We can read, we can see, we can think. Yet we had an army of otherwise intelligent people looking us in the eye, swearing—figuratively and literally—that down was up, day was night. And we wavered and wondered: maybe we’re crazy.

We give thanks that, in the end, the outcome matched the evidence:

--The voters recoiled at the vicious and at times patently false GOP campaign messages.

--Instead of listening, thinking, and giving the electorate what they craved in these bleak, deteriorating days—equal parts substance and hope—the GOP did what the US automakers used to do: tell us we really need is old fashioned gas guzzlers and cram them down into our pockets. To put it in business terms, these are not customer-centric models. And therefore, no longer successful ones.

--The decision to pick Palin was virtually an impulse buy in the checkout line, because McCain was talked out of his first choice, Lieberman. Palin was not thoroughly vetted, yanked out of the tundra by the taproot, and thrown into the deep end (with wolves, sharks…pick a predator), over her head and overwhelmed. With insufficient time to adjust to the increased pitching speed at the major league level, she came off as ill-prepared and dumb. Yet the McCain campaign continued to make experience a central issue, and tried to recast Obama’s eloquence and aura as negatives. Vote for us, we’re just like you (to paraphrase Joe the Plumber, "We're up for it.") Don’t vote for him, he’s too smart.

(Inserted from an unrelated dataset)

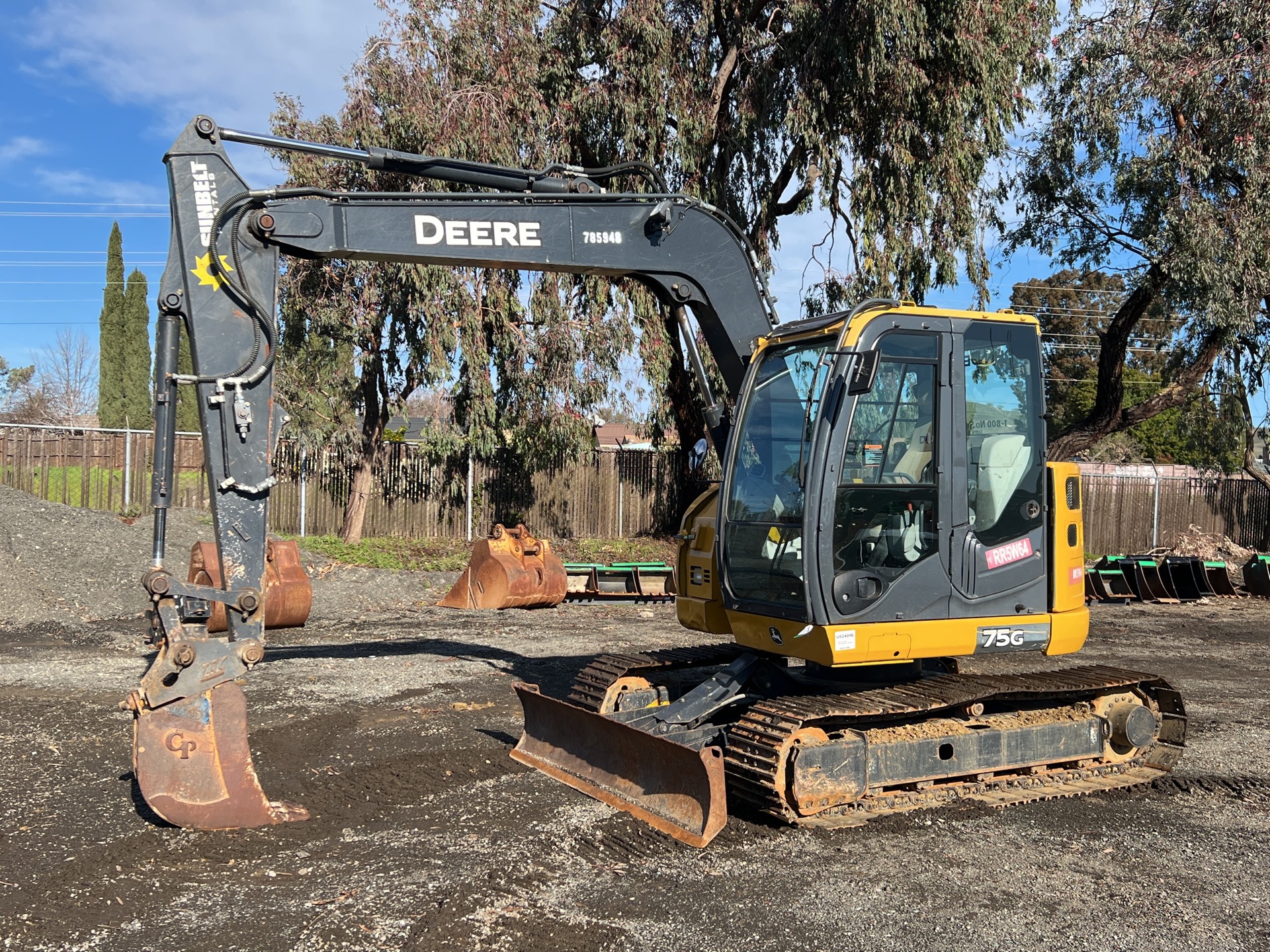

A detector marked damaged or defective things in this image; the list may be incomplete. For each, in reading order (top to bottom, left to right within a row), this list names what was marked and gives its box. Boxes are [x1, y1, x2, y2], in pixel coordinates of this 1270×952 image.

rusty bucket [190, 538, 315, 635]
rusty bucket [442, 523, 572, 612]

--Conduct, as always, told the story. Wardrobe-gate underscored the disconnect between what they were saying and what they were doing. The party that would stop the wasteful spending of our money was wastefully spending theirs. (We’re also finding out what we'd suspected: this was as much Palin’s doing as any staffer's. Three or four outfits on a $25,000 budget [still $6,000 each!] became $150,000 plus—and counting; even a rich Republican blanched at the bill. We can’t help but use the image one last time: this behavior was…piggish.)

--If McCain sold out, Palin was pimped out. Sarah, forget what you said and did yesterday, here’s what you say and do today. She did it for the team, but in the process fed the smoldering speculation about her porous, ad hoc ethical membrane. Ultimately, Palin did not deliver a breath of fresh air, but a blast of the same old stale air out of a fresh lipsticked mouth.

Now we’re hearing more about the rift between Palin/McCain. Some of this is part of the recent pathetic blather, where the whole sorry circuit says it wasn’t all that bad (because McCain only lost by 7 million votes? Because it wasn’t a shutout?), and simultaneously stampedes to blame their siblings for knocking the heirloom GOP off the pedestal and breaking it. (One commentator has called it a “circular firing squad.”). But there was also visible evidence of Palin/McCain enmity:

--McCain fidgeting and wringing his hands while Palin talked during the Brian Williams interview. Remember the EF Hutton commercials? When EF Hutton talks, people listen. When Palin talks, McCain winces.

--Palin goes over to hug McCain after the concession speech. He visibly recoils and gives her a perfunctory and dismissive pat-pat-pat on her elbow.

Conclusion

What does the wretched election fiasco, overall, say about McCain’s judgment, his skill as an executive or a delegator, his talent for surrounding himself with smart people? (OK, a rhetorical question.)

If in America we needed—now more than ever—to elect the best and the brightest, we on all accounts chose the better and the brighter.

To do the right thing in this election, to make this signal choice, we Americans had to pass a signal test. This wasn’t just a referendum on the dotty, corrupted, and failed GOP, but a referendum on whether we as a people could live into our own propaganda.

We passed. Thank God, we passed…and my wife and I can stay.

Chico Marx said it perfectly, and in the end, it wasn’t really that hard. To choose the better man for this job, we didn’t need to be color-blind. We just needed not to be blind.